Phillip McNelles, Guna Renganathan, Zhao Chang Zeng, Marius Chirila and Lixuan Lu

Reliability Engineering and System Safety, 2019, vol. 183, issue C, 60-83

Abstract: The use of Field Programmable Gate Arrays (FPGAs) in safety-critical systems means that these systems must undergo a detailed reliability and safety analysis. Fault Tree Analysis (FTA) is a well-known method of reliability analysis, while the Dynamic Flowgraph Methodology (DFM), is a modern analysis method that includes time-dependent dynamic properties and was created to model and analyze digital control systems.
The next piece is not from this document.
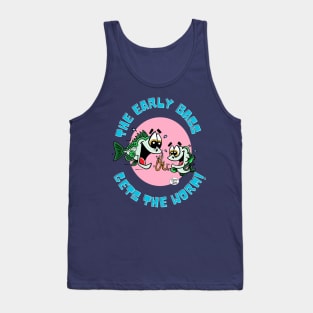 The early bass gets the worm! dark Tee Fritts Cartoons Tank Top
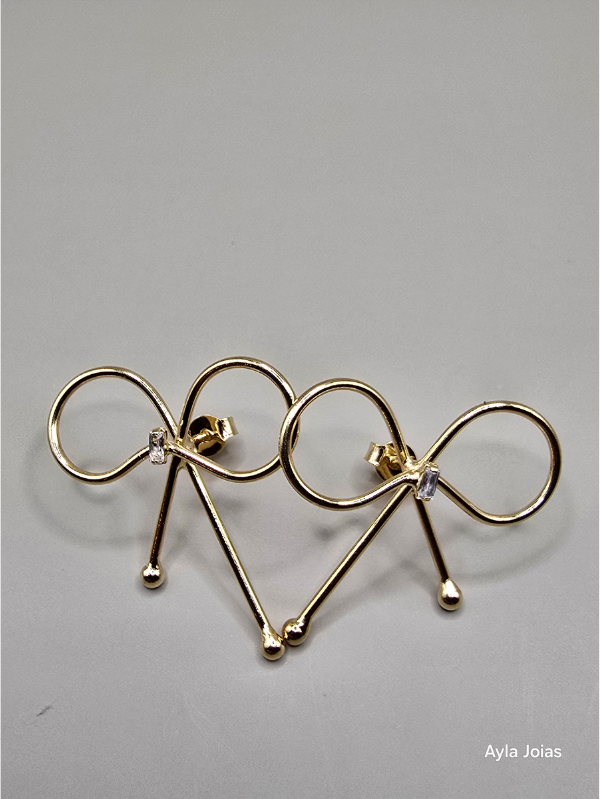 Brinco Laço Fio – 2,9g - banhado em ouro 18k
This paper expands on previous work to examine the fundamental theoretical differences between common FTA methods such as: MOCUS, Binary Decision Diagrams (BDDs), and the “Method of Generalized Consensus†employed by DFM for Multiple-Valued Logic (MVL) systems. This was accomplished using a simplified feed water system. It was found that common FTA methods will not apply the necessary logical reduction operations to reduce MVL systems, resulting in many implicants being returned, and several Prime Implicants (PIs) being missed. Dynamic tests were performed showing that FTA could not explicitly include sink states and dynamic consistency rules in the model, as DFM does. Lastly, the original test system was modified and run for multiple time steps. Differences in dynamic top event probabilities, PIs, and the Fussel–Vesely importance measure are discussed, as are the potential advantages of DFM regarding FPGA-based systems.

Keywords: FPGA; DFM; Fault tree; Reliability; Instrumentation and control; Nuclear power plant (search for similar items in EconPapers)
Date: 2019
References: View references in EconPapers View complete reference list from CitEc
Citations: View citations in EconPapers (2)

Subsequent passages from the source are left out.